On 18 December 2024 – just under a year ago – an intriguing Christmas gift landed in my inbox. The University’s Chief of Protocol had a question regarding the two silver scepters carried before the Vice-Chancellor in the University’s processions. It turned out that there were two identical scepters in Kulturen’s silver collection, and the question on everyone’s mind was what this could mean. Did the University have four scepters instead of two? Were they copies? And if so, which were the originals? And whose were the ones at Kulturen?
Let’s start from the beginning
But let’s start from the beginning.
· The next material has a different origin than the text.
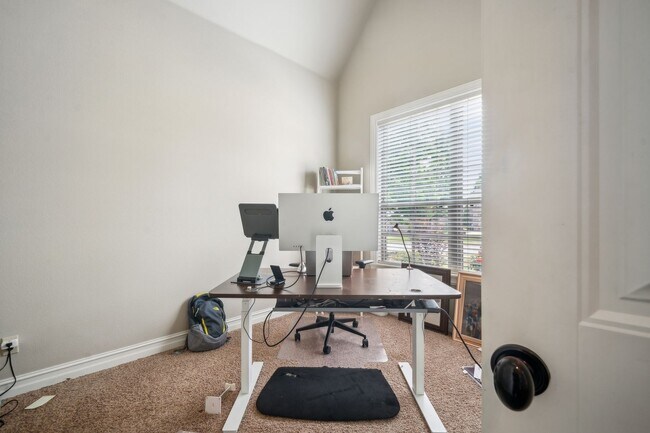 Building Photo - Stunning 5 bedroom 4.5 bath in Stonebrooke Glenn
In the winter of 1667, a somewhat battered gentleman arrived in Lund – then not yet a university town – with an equally battered shipment. His name was Nils Beckman, recently appointed professor of Roman law at the planned university, and the shipment contained everything needed to inaugurate such an institution in Sweden’s Age of Greatness: robes of velvet and silk for the Vice-Chancellor and the professors, a collection of hats for the same persons, beadles’ coats, academic guards’ uniforms, University and faculty seals, and – of course – “2 pcs: Scepters of Silver, Ornamentally Gilded.” They were crafted by the royal goldsmith Michel Pohl, each crowned with a star bearing the inscriptions “Sapientia divina” (“Divine Wisdom”) and “Sapientia humana” (“Human Wisdom”) respectively and weighed 112 lod (just under 1.5 kilos). And why battered? It so happened that the professor and parts of the cargo had been “[thrown] off a bridge outside Norrköping” on the way down, damaging a few hats and injuring the professor’s arm.
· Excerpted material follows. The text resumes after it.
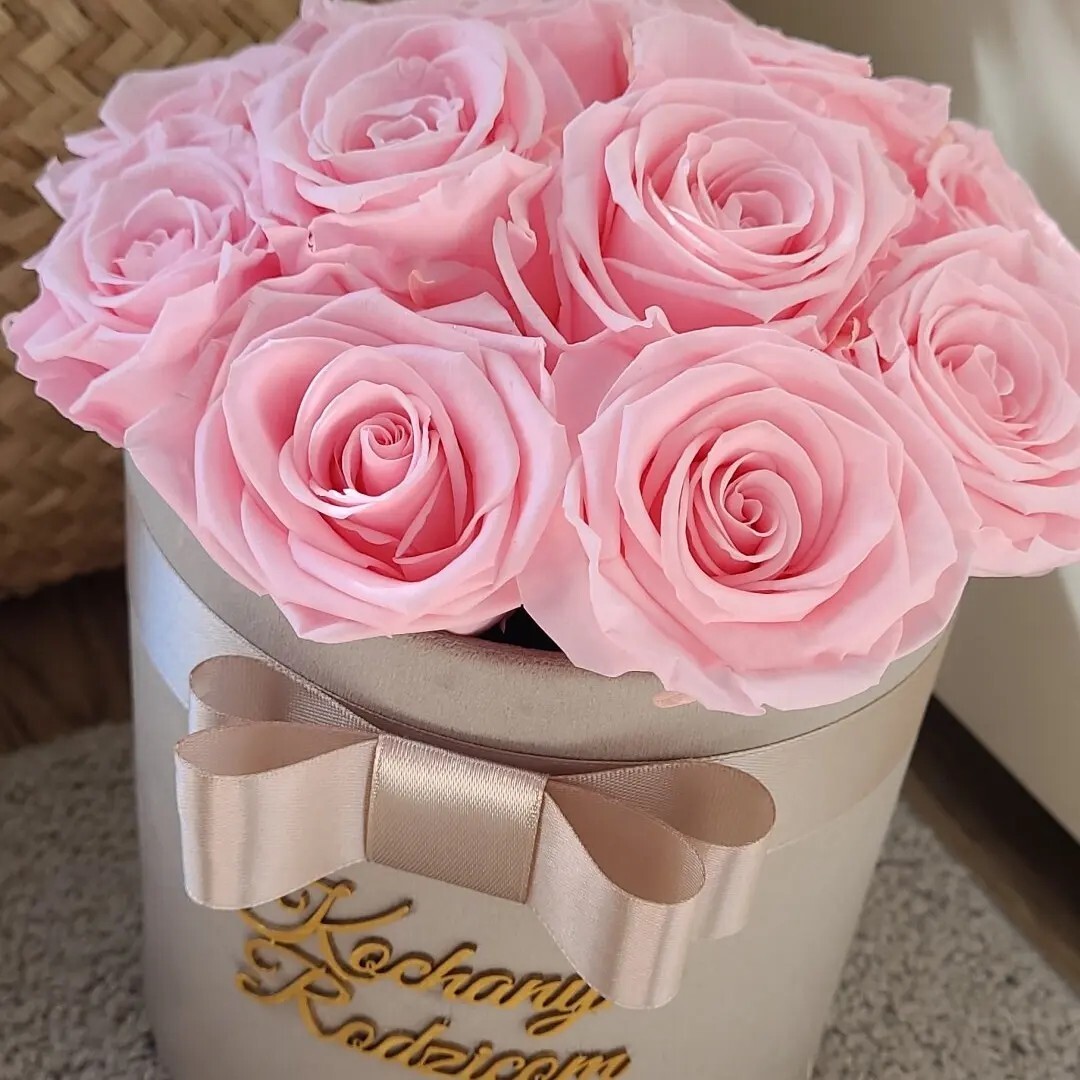 Flower box z 13 oryginalnych wiecznych róż Bydgoszcz Kup teraz na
The scepters, however, seem to have survived this mishap and could participate in the University’s inauguration on 28 January 1668. The inauguration was a grand five-day affair, attended not only by the future academy’s professors and staff but also by the Governor-General of Scania, representatives of the officer corps, clergy, burghers and government officials. During the inaugural procession, the “insignia academiæ” (perhaps including the scepters?) were carried on “blue cushions […] by six distinguished noblemen.” The ceremony was followed by banquets and fireworks, all befitting a university inauguration in Sweden’s Age of Greatness.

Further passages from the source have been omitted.